Or, jamais le contraste n'a été plus marqué entre l'ampleur des responsabilités qui incombent à l'ONU et le manque de volonté politique de ses Etats-membres.
Le monde de l'après guerre froide, porteur de tant d'espoirs, réveille aussi toute l'instabilité, tous les conflits que l'existence des deux blocs avait occultés.
Ce fut, et c'est l'honneur des Nations Unies, de être attelées à la tâche immense et périlleuse du règlement des conflits hérités de la guerre froide, de l'Asie à l'Afrique australe, puis des crises provoquées par l'éclatement d'empires dont le monolithisme apparent aura longtemps masqué les profondes divisions ethniques, politiques ou religieuses.
Dans cette tâche, l'ONU a connu des succès, toujours imparfaits mais qu'il serait injuste d'ignorer : la Namibie et le Cambodge, le Mozambique et le Salvador, Haïti lui doivent des progrès qui auraient été impossibles sans elle : ils témoignent du caractère irremplaçable de l'Organisation. 65 000 casques bleus participent aujourd'hui à 17 opérations pour accompagner des accords de paix et des processus de réconciliation dans des pays déchirés par des années, parfois des décennies de conflit.
Mais les Nations Unies ont aussi subi des échecs, notamment en Somalie, même si de très nombreuses vies ont pu, grâce à l'ONU, y être sauvées.
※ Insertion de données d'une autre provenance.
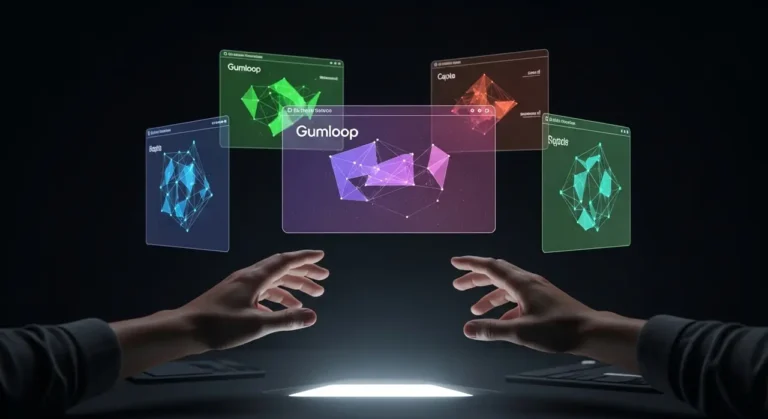 Manos humanas interactuando con múltiples paneles holográficos flotantes que muestran visualizaciones de datos de inteligencia artificial en colores rosa, teal y morado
Nous devons, avec lucidité, en tirer des leçons pour l'avenir. C'est ce que la France a entrepris de faire, avec le secrétaire général et ses partenaires, à propos de la Bosnie-Herzégovine. Ces leçons tiennent en deux mots : dignité et volonté. Nous n'accepterons plus que les soldats de la Forpronu soient humiliés ; nous donnons aux Nations Unies, avec la création d'une Force de réaction rapide puissamment armée, les moyens d'accomplir leurs missions ; nous privilégions, avec le médiateur européen Carl Bildt, la recherche d'un règlement négocié équitable, en sachant que le temps joue contre la paix. Le succès est loin être garanti. Mais qui peut reprocher à la France, premier contributeur de troupes des Nations Unies à travers le monde, de tout faire pour arracher une solution dans cette Bosnie où l'Europe et l'ONU jouent leur crédibilité et bien davantage : les valeurs qui les fondent.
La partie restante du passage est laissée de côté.